Part 1 of 3: Accepting Self-Recovery

Forgive a Promise Breaker Step 1
Forgive a Promise Breaker Step 1

Step 1. Accept the fact that things have happened

To start forgiving people who broke their promises, you first need to accept that the promises they made have been broken. Hoping that things don't turn out that way (in this case, the promise is kept) or that the person concerned is more trustworthy will only increase your frustration or anger.

Forgive a Promise Breaker Step 2
Forgive a Promise Breaker Step 2

Step 2. Let go of the anger that is holding you back

If you allow yourself to be filled with anger over the actions of others, you are essentially losing your power. You can't change other people's actions and, if you think too much about it, you'll end up feeling uncomfortable. Take action so that broken promises and breakers no longer dominate or disturb your thoughts.

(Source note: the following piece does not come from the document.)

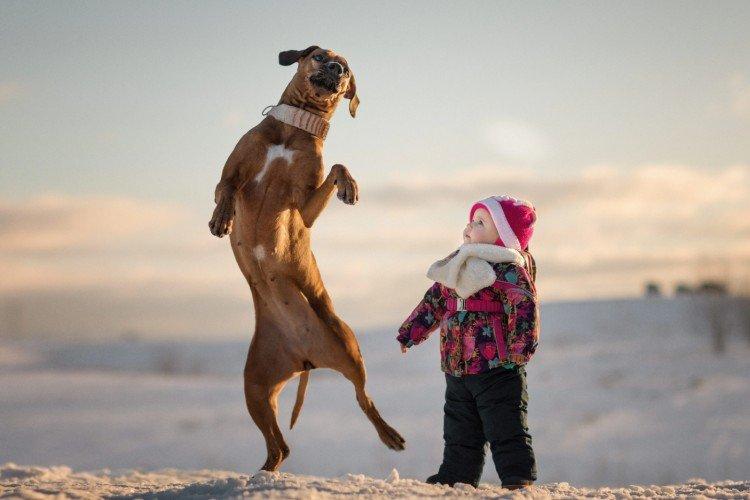 Потанцуем - Маленькие дети и их большие собаки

There are several things you can do to let go of the anger that is holding you back:

  • Use affirmations so you can say different things to yourself. Try saying to yourself (out loud) affirmations like “I need to forgive _ for breaking his promise”, several times a day.
  • Keeping mindful and focusing on gratitude and kindness can reduce the anger you feel. When you start to feel angry with false promises, ask yourself what you need to be grateful for today so you can get back in control of yourself before the anger took over you.
Forgive a Promise Breaker Step 3
Forgive a Promise Breaker Step 3

Step 3. Focus on being comfortable and happy

Be aware of the discomfort you feel when holding back anger or resentment. Also, pay attention and remember that these uncomfortable feelings will not make you feel better, and will only make you more uncomfortable.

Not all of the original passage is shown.